BEGIN

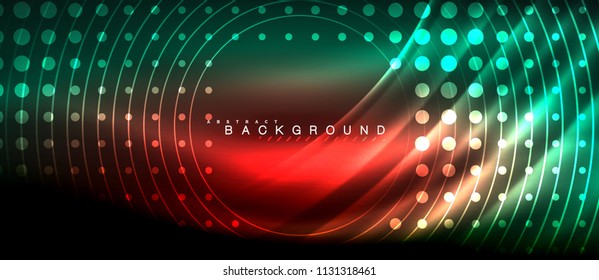 Neon glowing lines, magic energy space light concept, abstract background wallpaper design, vector illustration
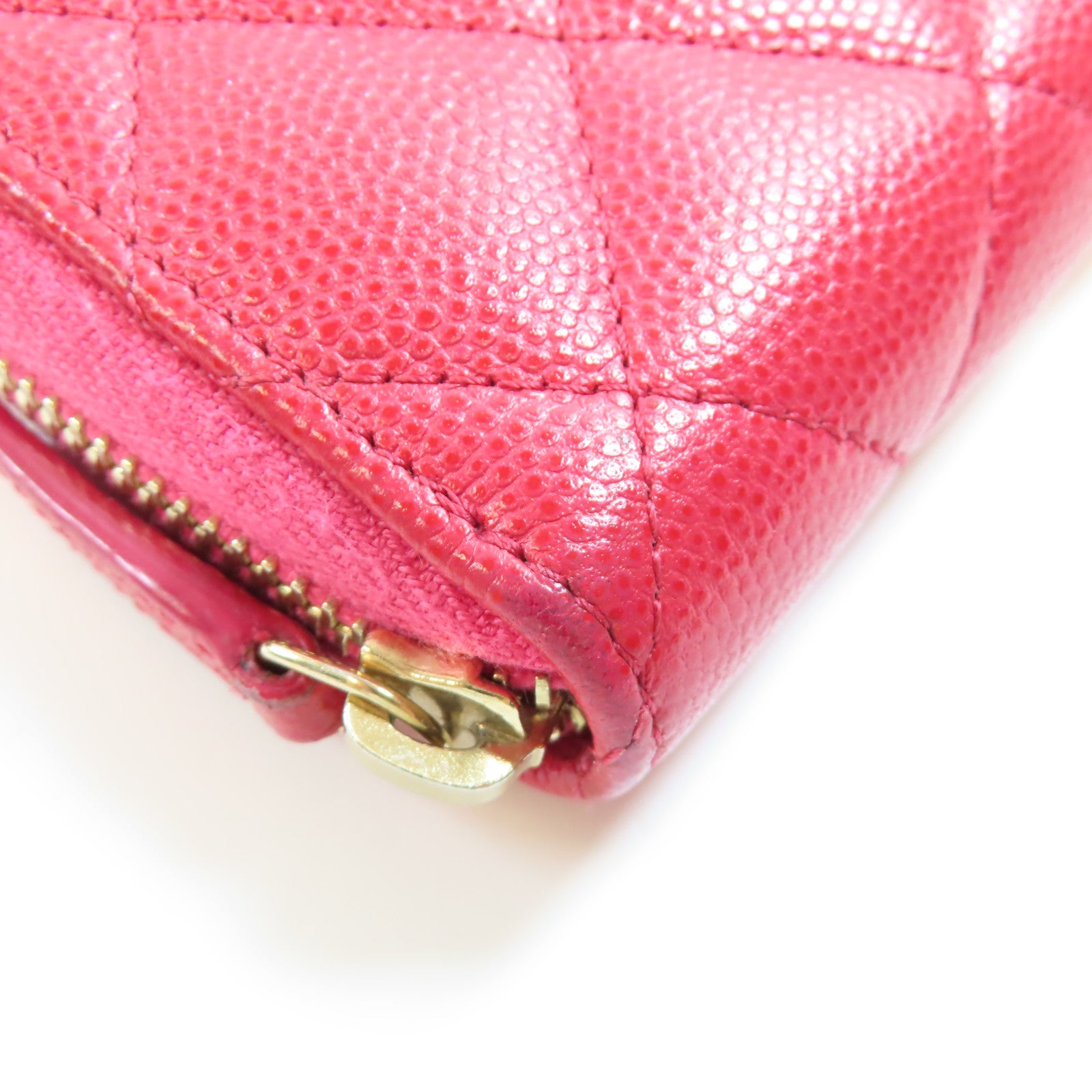 CHANEL 牛皮皮革Zipper Wallet金扣錢包粉紅色
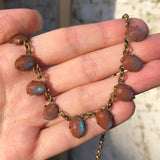 Antique Edwardian Saphiret Glass Chain Necklace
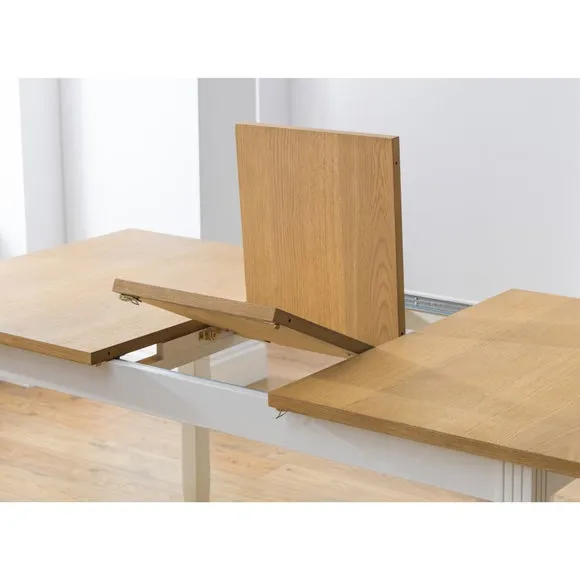 Davenport 4-6 Seater Rectangular Extendable Dining Table, Off White 5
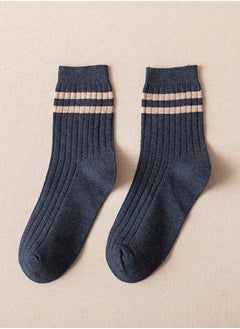 NIBEMINENT Pair of 5 Pure Cotton Breathable Sweat-absorbent Casual Socks Men's Double-needle Mid-calf for All Seasons Autumn and Winter Multicolor  - Image 3
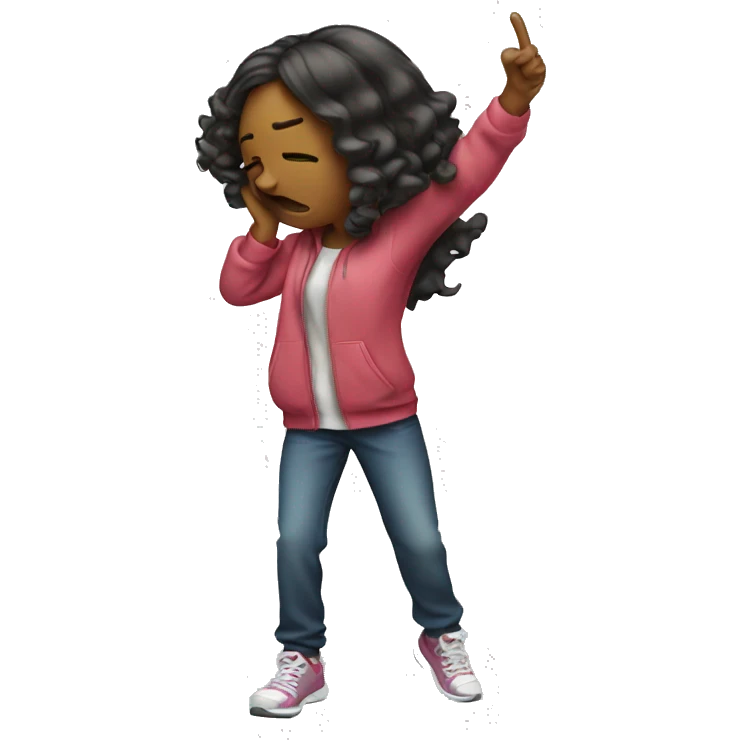Girl dabbing emoji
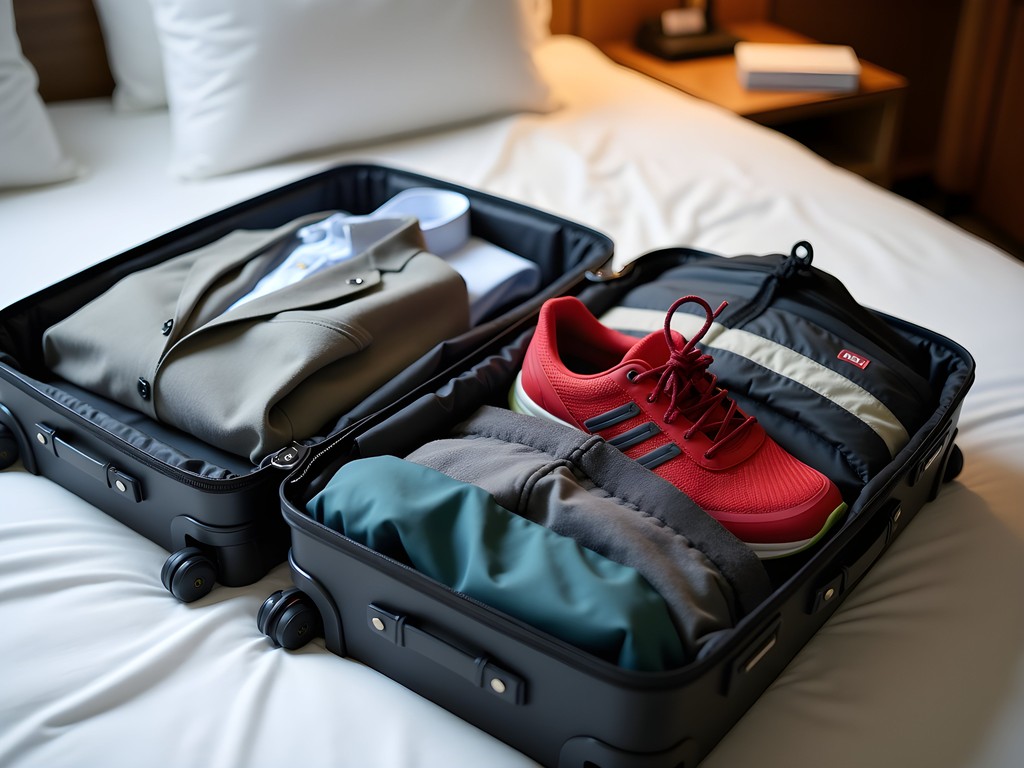 Professional woman's luggage showing business and hiking gear organization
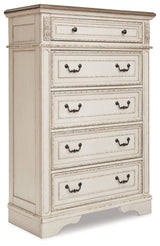Realyn Two-tone King Panel Bed & Dresser & Mirror & Chest & Vanity & Nightstand - Ornate Home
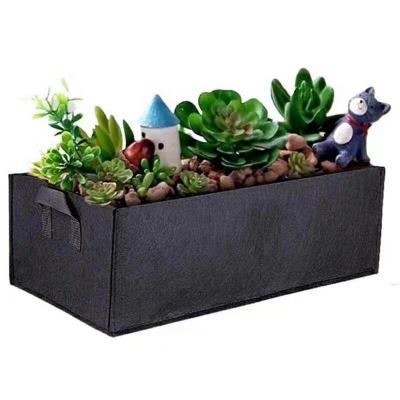 China Eco-friendly Recycle Fabric Raised Garden Bed Square Felt Garden Hot Selling Flower Grow Bag Vegetable Planter Pot With Handles Planting Bag for sale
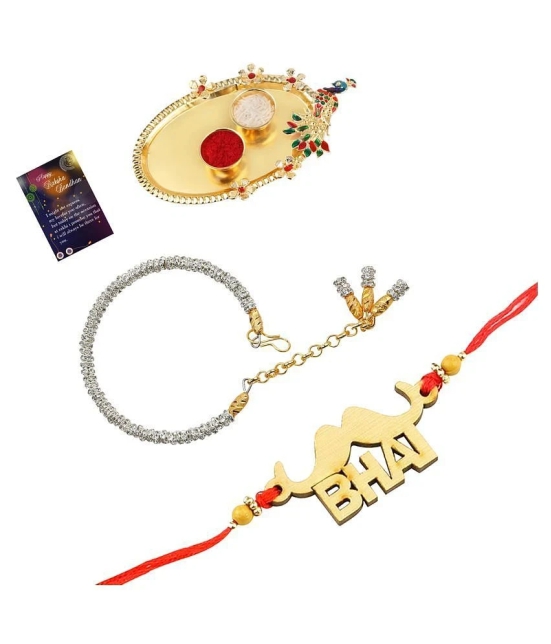 Paola  Elegant  Bhaiya Rakhi  BHAI Designe With  Silver Bracelet Kada  BhabhiRakhi Combo  With Roli Chawal And  Greeting Card  1 Kankawati Pooja Thali - None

END

ABOUT THIS EXERCISE: A word-for-word copy of the lines from the one with "Davenport 4-6 Seater" through the final line of the listing above is the whole answer, and it contains no pictures.

RESPONSE BOX:
 Davenport 4-6 Seater Rectangular Extendable Dining Table, Off White 5
 NIBEMINENT Pair of 5 Pure Cotton Breathable Sweat-absorbent Casual Socks Men's Double-needle Mid-calf for All Seasons Autumn and Winter Multicolor  - Image 3
Girl dabbing emoji
 Professional woman's luggage showing business and hiking gear organization
Realyn Two-tone King Panel Bed & Dresser & Mirror & Chest & Vanity & Nightstand - Ornate Home
 China Eco-friendly Recycle Fabric Raised Garden Bed Square Felt Garden Hot Selling Flower Grow Bag Vegetable Planter Pot With Handles Planting Bag for sale
 Paola  Elegant  Bhaiya Rakhi  BHAI Designe With  Silver Bracelet Kada  BhabhiRakhi Combo  With Roli Chawal And  Greeting Card  1 Kankawati Pooja Thali - None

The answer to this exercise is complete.